DATA Step, Macro, Functions and more

union of tables with fields in different formats in one iteration

Accepted Solution Solved
Reply
Occasional Contributor
Posts: 17
Accepted Solution

union of tables with fields in different formats in one iteration

hello.

working with a quite "dirty" data, I've met an interesting problem.

lets say, i have two tables, described by:

data tb_x;

informat dt_1 date9.;

format dt_1 date9.;

input dt_1;

datalines;

01jan2012

;

data tb_y;

input dt_1 $11.;

datalines;

01/jan/2012

;

i need to union them in one iteration as:

data cumulative;

set tb_:;

run;

so,

format new_dt date9.;

new_dt = input(dt_1,ANYDTDTE18.);

should be added somehow to the dataset to avoid: "ERROR: Variable dt_1 has been defined as both character and numeric."

please, help!!!

Thank you in advance!

Denis


Accepted Solutions
Solution
‎08-15-2012 01:57 PM
Respected Advisor
Posts: 3,124

Re: union of tables with fields in different formats in one iteration

Sorry late for the party, just got back to my station. I see you already have a working solution, here is just another approach:

/*First, to get the names of all of the data sets that needs to be stacked*/

proc sql noprint;

select distinct cats(memname) into :dname separated by ' ' FROM DICTIONARY.COLUMNS WHERE libname='WORK' and substr(memname,1,3)='TB_'; /*someone please tell me why =: is not working here? is it a SQL thing?*/

quit;

/*Second: Use idea from Patrick's first post, to alter the variable type for all of your data set of interest*/

%macro typ_change;

%do i=1 %to %sysfunc(countw(&dname));

%let temp=%scan(&dname,&i);

data &temp;

set &temp (rename=(dt_1=_dt));

if     vtype(_dt)='C' then dt_1=input(_dt,ANYDTDTE18.);

else dt_1=_dt;

drop _dt;

run;

%end;

%mend;

%typ_change

/*Last: Use your original code without sweat*/

data want;

set tb_:;

format dt_1 date9.;

run;

Haikuo

View solution in original post


All Replies
Respected Advisor
Posts: 3,892

Re: union of tables with fields in different formats in one iteration

Just use an appropriate informat in your 2nd data step so that you end up with a numeric variable containing a SAS date value in both data sets.

data tb_y;

input dt_1 date11.;

format dt_1 date9.;

datalines;

01/jan/2012

;

or if the date string in your raw data are mixed within one file then you could use code like

options datestyle=dmy;

data demo;

input dt_1 :anydtdte.;

format dt_1 date9.;

datalines;

01/jan/2012

01jan2012

01012012

01jan2012:06:12:15

;

run;

.... or following Hai.Kuo's lead that you've got the data already as SAS tables code like below could do:

options datestyle=dmy;

proc sql;

  create table want as

  select *

  from tb_x

  union corr all

  select input(dt_1,anydtdte21.) as dt_1

  from tb_y

  ;

quit;

Occasional Contributor
Posts: 17

Re: union of tables with fields in different formats in one iteration

thx, Patrick, but it was just a descritpion.

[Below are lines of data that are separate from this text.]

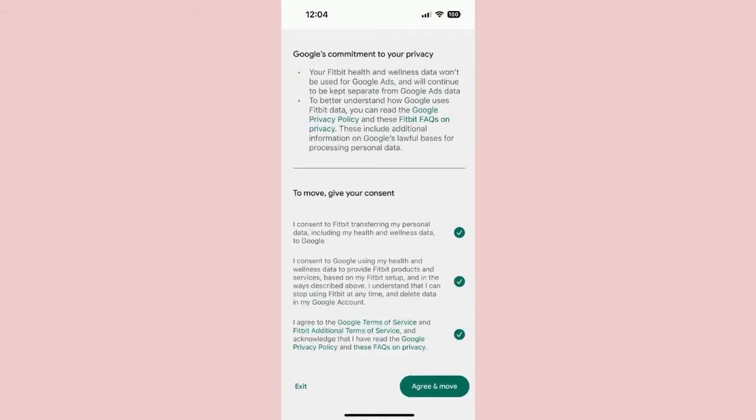Step 7: Next, you will review how Google will use your Fitbit data. Press Next. On the following screen, it details all the terms and conditions that you need to agree to in order to use the Fitbit app or any Fitbit devices. At the bottom are three circles you need to click. Do that, and then press Agree and Move.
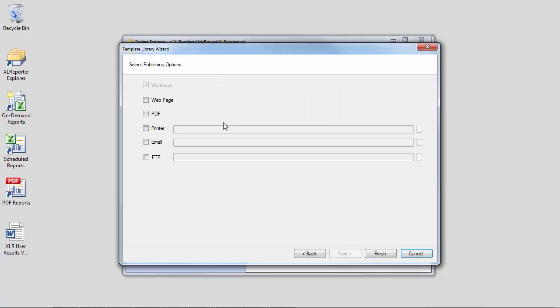Finally, choose publishing options. I'll stick with the default again here, Excel workbook, but other options are available now or at any time later.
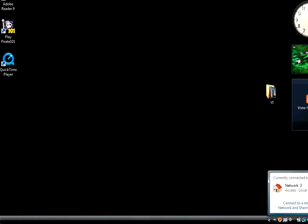This next video is on setting the content advisor or parental controls. First you want to go down and click on your internet icon on the bottom right of your computer, and then click on connect to a network and sharing center.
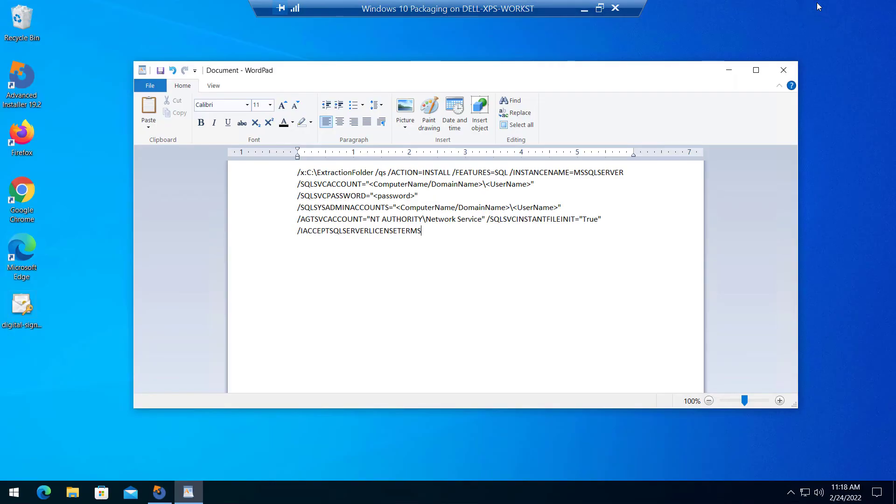Now let's take a look at what the command line should look like. SQL Server is a self-extracting executable. These first parameters show where it should extract the files.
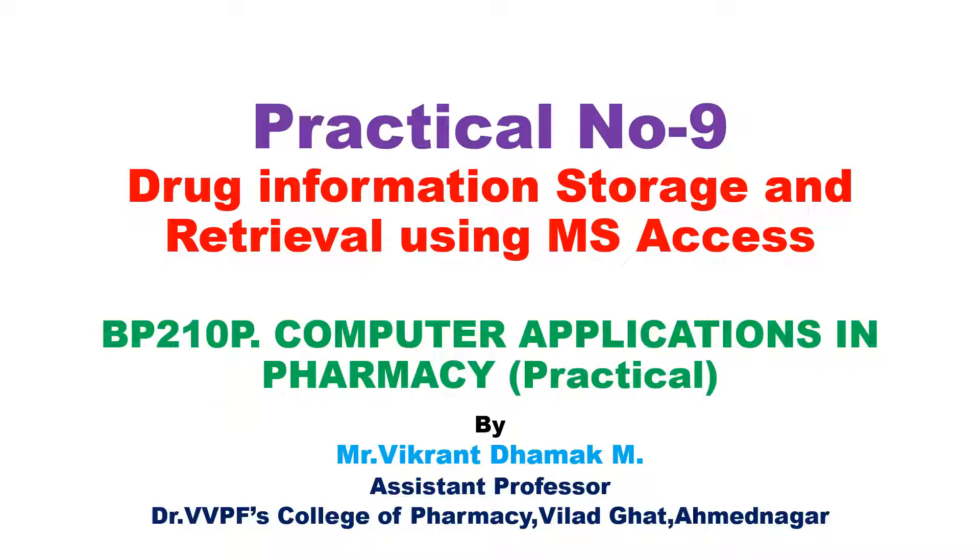Hello dear students, we are in Practical Number 9: Drug Information Storage and Retrieval using MS Access. This practical is also related with Practical Number 5, that is Patient Information Database using MS Access. I have given the link in the description box of the practical.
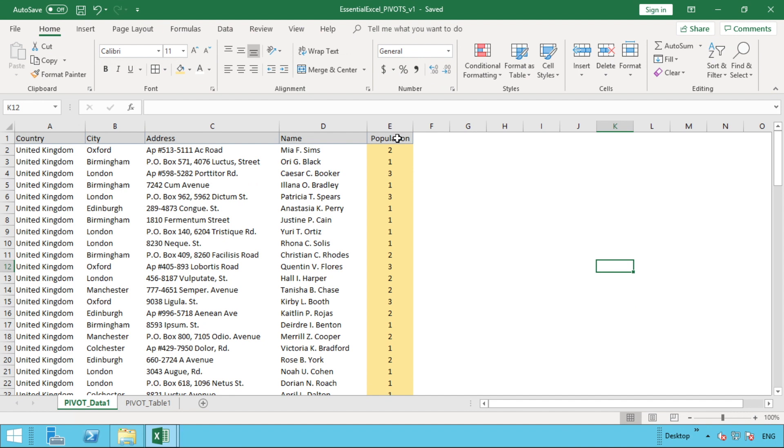Hey everyone, and welcome back to another video. In this video, we're going to be continuing from our last video that we did on pivot tables—inserting your first pivot table. If you haven't seen that, there should be a link on the screen now so you can check that out.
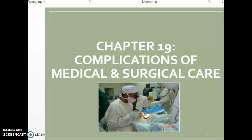In this lecture, we are going to look at how to code ICD-10-CM diagnoses for Chapter 19, Complications of Medical and Surgical Care.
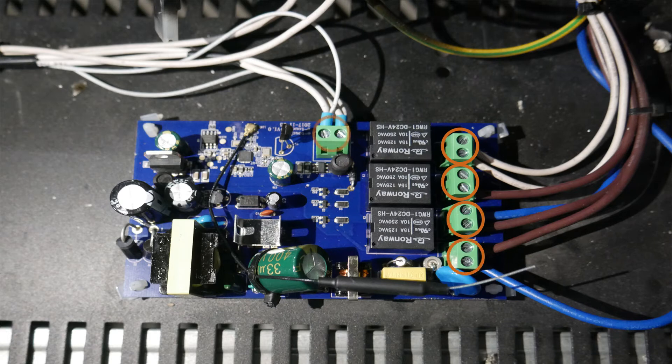You may want to take a picture or mark the wires before you unplug them to ensure that they are reconnected back into the correct port.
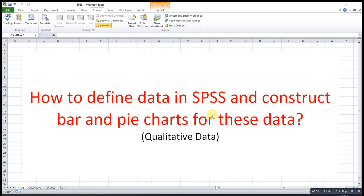Hi, this is Arsene. Today I would like to share how to define data in SPSS and how to construct bar charts and pie charts for this data. This is talking about qualitative data.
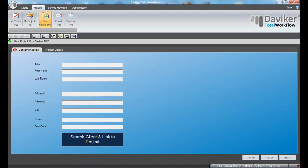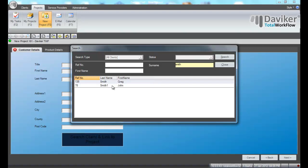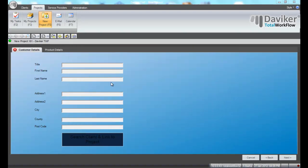If you want to find out if a customer exists in the system, click on the Search Client button. Type in the name and search. Select the correct customer from the list and this will populate the customer details.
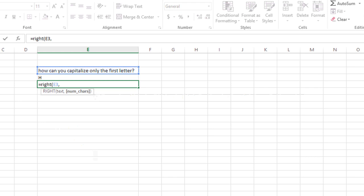As for the number of characters though, we want all of the characters except the first one. So we're going to calculate the length of this text string by using the LEN function.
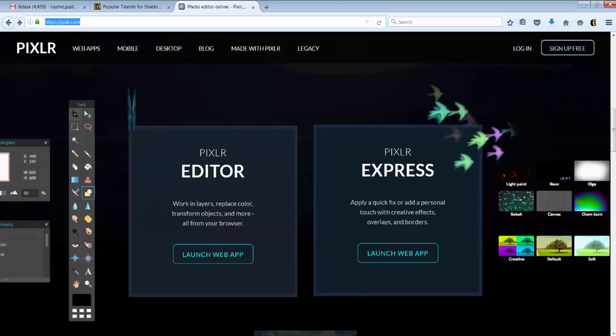This is like Instagram where you can add some different effects to an image. But we're going to go to the Pixlr editor. You click launch web app.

the problem is that i have a lot tables with prefix "tb_" and fields with one name in different formats!

Denis

Respected Advisor
Posts: 3,124

Re: union of tables with fields in different formats in one iteration

This should do it:

data tb_x;

informat dt_1 date9.;

format dt_1 date9.;

input dt_1;

datalines;

01jan2012

;

data tb_y;

input dt_1 $11.;

datalines;

01/jan/2012

;

data want;

set tb_x tb_y (rename=dt_1=_dt);

new_dt=input(_dt,ANYDTDTE18.);

dt_1=coalesce(dt_1,new_dt);

keep dt_1;

run;

Haikuo

Occasional Contributor
Posts: 17

Re: union of tables with fields in different formats in one iteration

i have dozens of tables, with prefix "tb_" in its names and dt_1 field defined as character in one part of tables and as numeric in another, so ":" must be used for union.

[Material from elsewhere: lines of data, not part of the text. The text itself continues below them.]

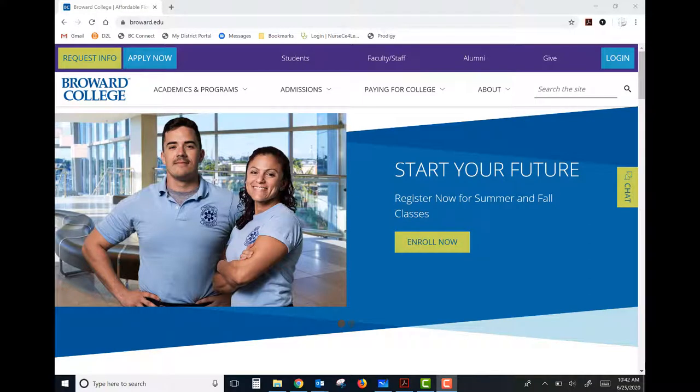Hello everyone, this is Dr. Perdian, your professor for General Chemistry 2, CHM 1046. I just wanted to create a quick little video to get you started in the course and show you around our D2L shell a little bit, so that you can get going right away in this quick session 3 course.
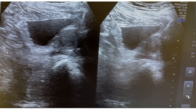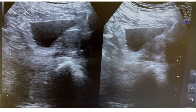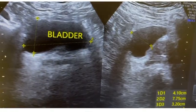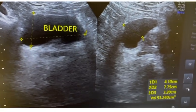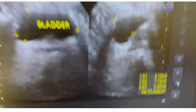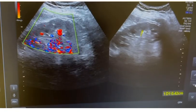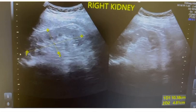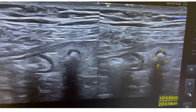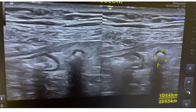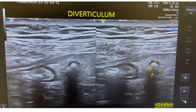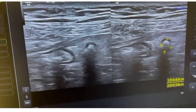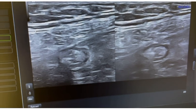This is the longitudinal view of the prostate. This is the bladder with a pre-void volume of 53 cc. We can also see the left kidney and right kidney. There was a diverticulum in the descending colon as well, though that is not the concern of this video.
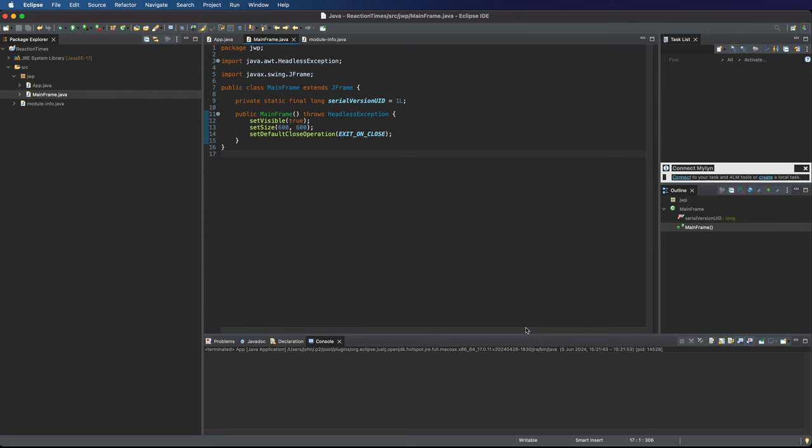In this video we're going to continue creating a reaction time application in Swing by creating a panel where we can display some information. I'm going to make a reusable panel so we can use four different forms of it, slightly different forms for different purposes. Our final application is going to flip through those four different panels.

your script works perfectly for exactly this example, knowing:

1. table names

2. where tb_1 as a date and where as a character

so, unfortunately, it does not solve of my problem

Respected Advisor
Posts: 3,124

Re: union of tables with fields in different formats in one iteration

IMHO, I doubt if there is  a true ONE data step solution for you. However, you can always apply the similar logic into Macro to save some coding labor if the naming pattern of your data sets can be captured.

Haikuo

Occasional Contributor
Posts: 17

Re: union of tables with fields in different formats in one iteration

"if the naming pattern of your data sets can be captured"- looks like it can't, prefix "tb_" is only common part.

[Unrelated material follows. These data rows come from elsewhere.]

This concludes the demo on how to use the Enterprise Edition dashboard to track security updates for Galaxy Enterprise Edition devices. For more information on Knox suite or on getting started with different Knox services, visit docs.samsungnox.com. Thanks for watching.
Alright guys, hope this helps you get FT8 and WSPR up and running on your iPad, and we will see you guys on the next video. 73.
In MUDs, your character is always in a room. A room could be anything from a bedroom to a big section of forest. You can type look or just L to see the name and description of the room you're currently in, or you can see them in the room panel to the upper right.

typing each tables name to correct field's type to correct one is a nightmare!

Denis

Respected Advisor
Posts: 3,892

Re: union of tables with fields in different formats in one iteration

Here some code doing what Hai.Kuo suggested. You probabely will need to amend it a bit to make it fit your real data.

What the program does is creating code based on data dictionary information and then %include the created code to execute it.

If you want to see the generated code without executing it then just uncomment the line "file print;" and comment the lines "file code;" and "%include code;"

filename code temp;
data test;
/*  file print;*/
  file code;
  set sashelp.vcolumn (where=(libname='WORK' and substrn(memname,1,3)='TB_' and upcase(name) = 'DT_1')) end=last;
  if _n_=1 then
  do;
    put 'data want;';
    put @2 'set ';
  end;
  if xtype='num' then
  do;
    LineOfCode=cats(libname,'.',memname);
    put @4 LineOfCode;
  end;
  else if xtype='char' then
  do;
    LineOfCode=cats(libname,'.',memname,' (rename=dt_1=_dt)');
    put @4 LineOfCode;
  end;

  if last then
  do;
    put @2 ';';
    put @2 'new_dt=input(_dt,ANYDTDTE18.);';
    put @2 'dt_1=coalesce(dt_1,new_dt);';
    put @2 'drop _: new_dt;';
    put 'run;';
  end;
run;

%include code;

Super User
Posts: 5,083

Re: union of tables with fields in different formats in one iteration

Apologies, Patrick.  If I had known you were working on this, I wouldn't have interfered!

Respected Advisor
Posts: 3,892

Re: union of tables with fields in different formats in one iteration

Absolutely no need for apologies. It's always very interesting to see how others approach a problem - and I'm always learning so much from you guys.

Super User
Posts: 5,083

Re: union of tables with fields in different formats in one iteration

To automate, begin by finding all the data set names.  For example:

proc sql noprint;

   create table my_datasets as select memname, type

   from dictionary.columns

   where libname='WORK' and substr(memname,1,3) = 'TB_' and upcase(name)='DT_1';

quit;

That will give you a list of your data set names that begin with TB_, and TYPE will be either "char" or "num" depending on how dt_1 is defined.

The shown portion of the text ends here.